Kamtukule argues that consultation does not necessarily have to result in consensus in order for the government to proceed to take a decision on any given issue.

“What matters is for the government to take into account the views of stakeholders presented during consultation, which the government did in both cases,” reads the statement in our possession.

On the controversial Labour Relations (Amendment) Bill, 2021, Kamtukule clarified that the introduction of deduction of wages of employees who are on strike does not in any way take away their right to strike.

She said this is the position that the International Labour Organisation (ILO) has taken when interpreting the right to strike in relation to the Freedom of Association Convention number 87, stressing that this principle of ‘no work, no pay’ is not unique to Malawi.
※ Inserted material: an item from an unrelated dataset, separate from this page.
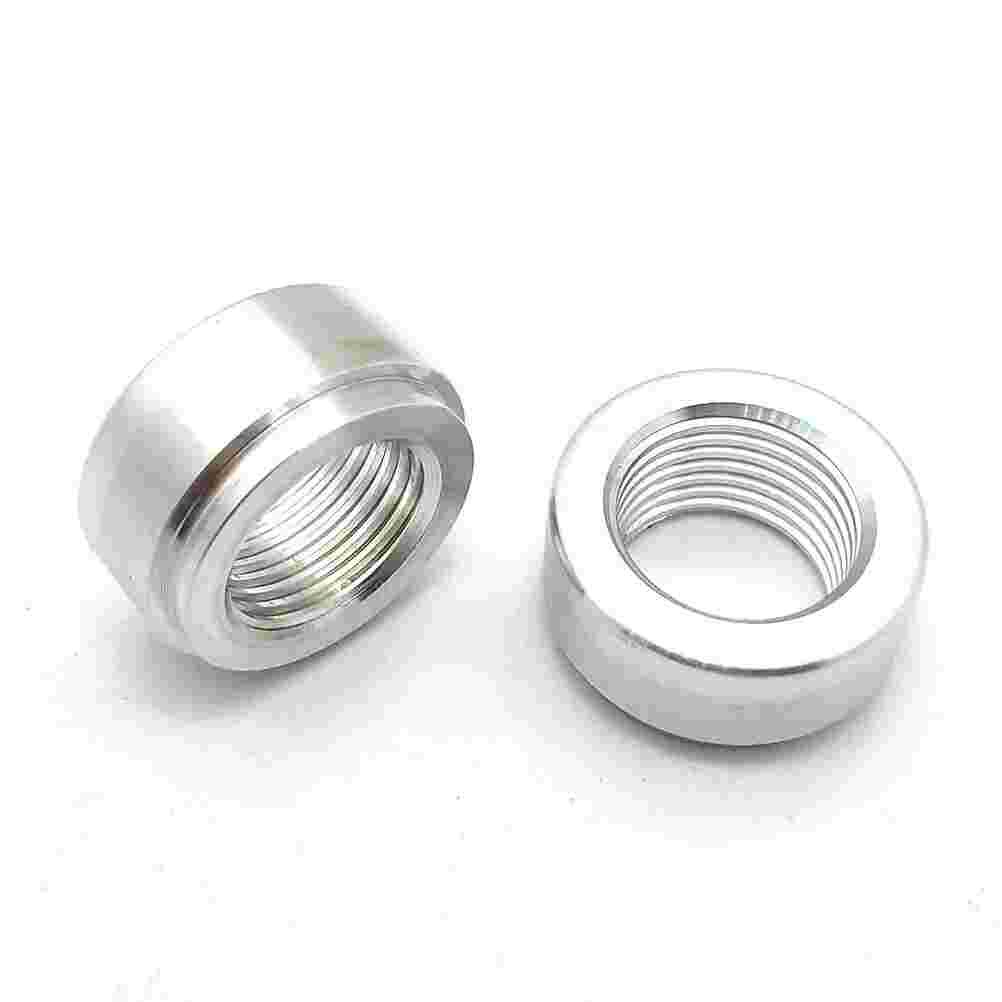 2pcs Practical 1/8 NPT Welding Thread Head Aluminum Alloy Welding Joint for Home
“It has been widely adopted by ILO Member States and it is intended to bring fairness by considering the employer as well who cannot sustain the payment of wages when employees withdraw their labour. In Malawi, the right to strike is enshrined in Section 31(4) of the Constitution of the Republic of Malawi and can never be taken away.
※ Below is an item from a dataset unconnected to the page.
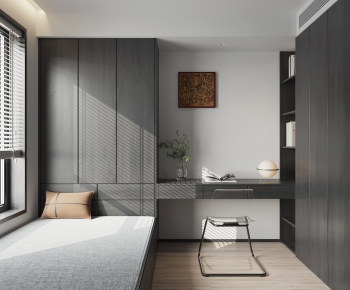 Modern New Chinese Style Bedroom-ID:386668923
“However, in enjoying this right, every worker has an obligation to be paid for providing a service to the employer. It should also be noted that demonstrations are different from strike,” explained the Deputy Minister.
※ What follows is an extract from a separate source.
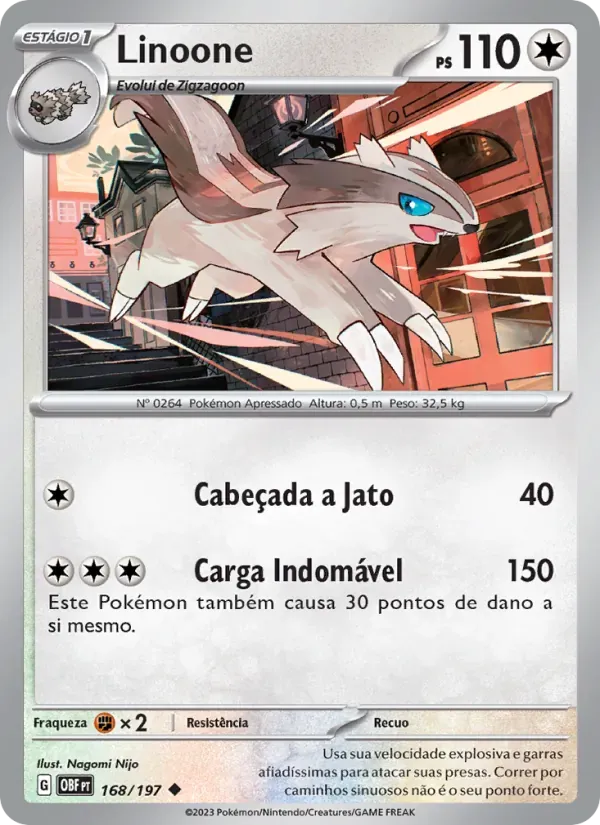 Linoone 168/197 Obsidiana em Chamas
She further stated that unlike demonstrations, strikes are governed by the labour laws, which involve stoppage of work by employees to limit production or services as a legitimate means of persuading their employer to redress any perceived injustices.

Kamtukule added that instead of adopting in totality the ‘no work, no pay’ principle, the Malawi Government has been considerate enough by granting employees three days’ wages, which other jurisdictions do not offer.

However, MCTU, ECAM and the Centre for Human Rights and Rehabilitation (CHRR) have spoken strongly against the laws.

CHRR executive director Michael Kaiyatsa argued that there is no justification for removing the current protections for employees who participate in industrial action or strike.

Kaiyatsa said the passed amendments pose serious threat to workers’ rights, including the right to take industrial action, which is enshrined in Section 31 of the Republican Constitution of Malawi.

He warned the Tonse Alliance against thwarting the rights of workers.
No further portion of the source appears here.